In Anderson's "The Master Key," when a human being speaks of "God" but does not serve him, the Cainites deduce that human beings are domesticated animals that have gone wild and therefore should be killed.

Thus, these are three thought experiments about misunderstanding and conflict.

A Case Of Conscience is part of Blish's Haertel Scholium and Volume III of his After Such Knowledge Trilogy.

"The Streets of Ashkelon" is a one-off story that could fit into many futuristic, interstellar scenarios, e.g., it could be adapted for Star Trek, and Paul Cook said that it gives credence to the Prime Directive.

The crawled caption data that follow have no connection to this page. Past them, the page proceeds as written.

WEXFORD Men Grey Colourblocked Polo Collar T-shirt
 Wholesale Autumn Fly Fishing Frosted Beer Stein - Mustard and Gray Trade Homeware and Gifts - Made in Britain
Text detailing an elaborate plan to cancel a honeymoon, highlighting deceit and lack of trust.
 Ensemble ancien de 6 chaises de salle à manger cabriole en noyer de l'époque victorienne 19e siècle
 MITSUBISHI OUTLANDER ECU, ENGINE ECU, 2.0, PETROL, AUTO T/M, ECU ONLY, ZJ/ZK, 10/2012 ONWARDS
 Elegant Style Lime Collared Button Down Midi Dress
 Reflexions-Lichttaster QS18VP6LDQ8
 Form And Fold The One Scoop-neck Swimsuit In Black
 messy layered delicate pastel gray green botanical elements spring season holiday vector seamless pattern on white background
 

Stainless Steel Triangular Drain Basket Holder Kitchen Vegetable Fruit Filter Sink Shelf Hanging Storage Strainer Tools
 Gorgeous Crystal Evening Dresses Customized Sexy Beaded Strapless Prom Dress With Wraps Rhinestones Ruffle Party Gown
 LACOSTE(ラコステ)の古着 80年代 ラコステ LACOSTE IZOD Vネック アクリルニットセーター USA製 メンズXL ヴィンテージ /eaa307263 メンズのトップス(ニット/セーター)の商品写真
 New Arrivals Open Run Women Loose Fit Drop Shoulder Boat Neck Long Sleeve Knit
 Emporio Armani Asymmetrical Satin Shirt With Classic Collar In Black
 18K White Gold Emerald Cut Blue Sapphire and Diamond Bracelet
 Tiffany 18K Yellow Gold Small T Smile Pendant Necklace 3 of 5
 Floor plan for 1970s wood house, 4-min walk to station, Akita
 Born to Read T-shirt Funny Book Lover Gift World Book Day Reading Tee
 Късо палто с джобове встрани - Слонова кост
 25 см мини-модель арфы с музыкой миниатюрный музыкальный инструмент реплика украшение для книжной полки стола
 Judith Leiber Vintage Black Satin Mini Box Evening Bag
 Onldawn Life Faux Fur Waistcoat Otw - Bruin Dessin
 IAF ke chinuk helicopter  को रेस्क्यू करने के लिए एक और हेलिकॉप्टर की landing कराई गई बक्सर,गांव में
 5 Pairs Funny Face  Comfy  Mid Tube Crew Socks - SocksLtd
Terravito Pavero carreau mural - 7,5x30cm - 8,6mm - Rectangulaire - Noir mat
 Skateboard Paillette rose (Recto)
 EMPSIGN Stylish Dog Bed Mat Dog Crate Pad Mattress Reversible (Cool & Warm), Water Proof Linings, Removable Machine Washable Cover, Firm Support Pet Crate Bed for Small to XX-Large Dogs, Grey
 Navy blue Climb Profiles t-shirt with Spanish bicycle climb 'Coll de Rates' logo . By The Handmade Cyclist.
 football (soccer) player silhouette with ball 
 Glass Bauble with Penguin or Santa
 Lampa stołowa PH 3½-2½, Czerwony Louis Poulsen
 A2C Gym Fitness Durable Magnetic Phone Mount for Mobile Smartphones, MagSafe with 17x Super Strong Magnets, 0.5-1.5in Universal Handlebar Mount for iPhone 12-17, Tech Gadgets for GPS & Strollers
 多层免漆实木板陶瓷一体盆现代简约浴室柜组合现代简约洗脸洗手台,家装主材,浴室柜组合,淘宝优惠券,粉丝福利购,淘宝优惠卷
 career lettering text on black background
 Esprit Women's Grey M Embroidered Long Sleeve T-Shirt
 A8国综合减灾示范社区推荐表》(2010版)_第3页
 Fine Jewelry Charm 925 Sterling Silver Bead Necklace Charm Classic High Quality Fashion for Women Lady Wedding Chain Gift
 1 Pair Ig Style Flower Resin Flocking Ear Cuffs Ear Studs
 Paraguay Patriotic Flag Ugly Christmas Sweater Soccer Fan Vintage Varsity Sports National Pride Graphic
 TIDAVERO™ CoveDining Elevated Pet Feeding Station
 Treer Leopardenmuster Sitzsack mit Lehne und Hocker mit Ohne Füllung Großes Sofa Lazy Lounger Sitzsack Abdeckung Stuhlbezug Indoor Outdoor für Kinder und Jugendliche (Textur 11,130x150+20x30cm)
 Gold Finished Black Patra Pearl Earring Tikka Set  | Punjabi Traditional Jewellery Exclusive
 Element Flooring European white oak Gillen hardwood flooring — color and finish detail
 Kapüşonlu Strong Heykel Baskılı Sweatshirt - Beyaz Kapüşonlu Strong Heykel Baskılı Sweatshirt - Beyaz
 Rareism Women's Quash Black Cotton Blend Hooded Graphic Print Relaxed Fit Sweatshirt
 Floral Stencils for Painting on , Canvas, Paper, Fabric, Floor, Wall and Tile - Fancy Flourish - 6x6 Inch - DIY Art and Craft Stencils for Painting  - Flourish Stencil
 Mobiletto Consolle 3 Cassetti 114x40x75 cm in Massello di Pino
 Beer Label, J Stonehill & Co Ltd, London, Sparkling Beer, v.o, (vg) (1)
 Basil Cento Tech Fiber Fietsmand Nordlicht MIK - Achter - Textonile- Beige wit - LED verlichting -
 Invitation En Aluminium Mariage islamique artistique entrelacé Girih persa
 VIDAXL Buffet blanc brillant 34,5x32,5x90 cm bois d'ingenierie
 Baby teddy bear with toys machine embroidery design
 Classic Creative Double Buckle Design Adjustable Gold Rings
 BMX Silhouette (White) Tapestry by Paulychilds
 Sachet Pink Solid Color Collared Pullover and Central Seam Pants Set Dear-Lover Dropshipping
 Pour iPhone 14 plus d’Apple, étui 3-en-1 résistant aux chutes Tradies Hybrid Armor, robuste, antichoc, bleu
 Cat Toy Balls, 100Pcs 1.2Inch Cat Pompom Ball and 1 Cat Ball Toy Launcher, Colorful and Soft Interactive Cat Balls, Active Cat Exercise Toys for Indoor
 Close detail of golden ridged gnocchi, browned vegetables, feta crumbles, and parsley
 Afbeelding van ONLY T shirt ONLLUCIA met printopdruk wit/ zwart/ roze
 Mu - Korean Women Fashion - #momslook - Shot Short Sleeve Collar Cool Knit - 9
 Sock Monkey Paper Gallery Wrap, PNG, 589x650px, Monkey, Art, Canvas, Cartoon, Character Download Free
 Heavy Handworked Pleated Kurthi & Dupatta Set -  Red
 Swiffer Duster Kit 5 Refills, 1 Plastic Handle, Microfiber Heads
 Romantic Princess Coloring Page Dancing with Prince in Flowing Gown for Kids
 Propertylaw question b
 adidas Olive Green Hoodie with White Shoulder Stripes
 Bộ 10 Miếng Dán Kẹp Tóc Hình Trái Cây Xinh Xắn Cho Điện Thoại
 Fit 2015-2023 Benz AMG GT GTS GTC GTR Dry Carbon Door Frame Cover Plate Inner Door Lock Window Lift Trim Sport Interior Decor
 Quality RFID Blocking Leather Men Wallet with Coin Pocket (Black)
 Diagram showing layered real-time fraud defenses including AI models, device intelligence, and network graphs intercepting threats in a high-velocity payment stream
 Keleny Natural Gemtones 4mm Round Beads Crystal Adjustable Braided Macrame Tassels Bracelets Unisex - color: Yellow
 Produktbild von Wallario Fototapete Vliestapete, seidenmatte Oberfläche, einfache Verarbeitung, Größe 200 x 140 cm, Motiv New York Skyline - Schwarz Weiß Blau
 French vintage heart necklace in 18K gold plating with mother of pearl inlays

"The Master Key" is part of the Nicholas van Rijn series which is part of the Technic History which is one of Poul Anderson's several future history series.

Conceptual Changes In Fiction II

See Conceptual Changes In Fiction.

In a possible update/revision/adaptation of Poul Anderson's Psychotechnic History, these features would be retained:

World War III;
recovery;
UN world government;
UN-men;
food and other resources from the sea;
resources from space;
urbanization;
aircars;
colonization of the Moon, Mars, the asteroids and the outer Solar System;
a science of humanity covering both physiology and individual and social psychology;
automation;
technological unemployment;
economic abundance;
the "protean enemy";
the Psychotechnic Institute advising the government;
Planetary Engineers;
the launching of a generation ship.

The series would lose:

The Psychotechnic League as a title (Volume I should be The Psychotechnic Institute);
the colonization of Venus;
a predictive science of society;
psychotechnicians falsifying data;
the Humanist Revolution;
social fragmentation leading to the Second Dark Ages;
FTL.

This is just a blueprint. I think that there is enough in this future history without the additional and questionable premises of a predictive social science and FTL. I might discuss the idea further although no way am I up to writing any fanfic.

Bird Of Prey On Cain

"The Master Key."

"'Far, far overhead a bird of prey (scroll down) would wheel, then suddenly stoop - in the thick air I could hear the whistle through its wing feathers - and vanish into the treetops down in the valley. Those leaves had a million different shades of color, like an endless autumn.'" (p. 289)

This passage contributes to our Andersonian birds of prey theme. Often, the author or narrator points out that flying organisms on other planets are not really birds. The autumnal leaves present another colorful detail.

Our changeable weather is currently summery so I expect another long walk today.

Thursday, 26 March 2020

Conceptual Changes In Fiction

In sf, and maybe in reality, time dilation can enable astronauts to return to Earth millennia after they left it. So far, this is like the equivalent of the Time Traveler's outward journey except that he remained on the Earth's surface and, of course, was able to return to the nineteenth century. Temporal stasis and suspended animation are another two sf one-way trips to the future. Poul Anderson covered time dilation, temporal stasis and time travel. Anderson's works have not yet been adapted into other media. When this happens, stories can be revised in interesting ways. Thus:

In Pierre Boulle's La Planete de Singes, space travel with time dilation got astronauts to an extra-solar "planet of the apes," then returned them to Earth which had meanwhile become another "planet of the apes";

in the first film, time dilation got the astronauts to what they thought was an extra-solar "planet of the apes" but turned out to be the future Earth;

since Earth was destroyed at the end of the second film, time travel got some apes to twentieth-century Earth in the third film;

the fourth and fifth films were about the transformation of Earth into the "planet of the apes";

the recent film trilogy dispenses with space travel, time dilation and time travel and proceeds directly to the theme of the fourth and fifth films above.

That is an interesting conceptual sequence and raises the question of what might happen to Poul Anderson's works if they were adapted in similar ways.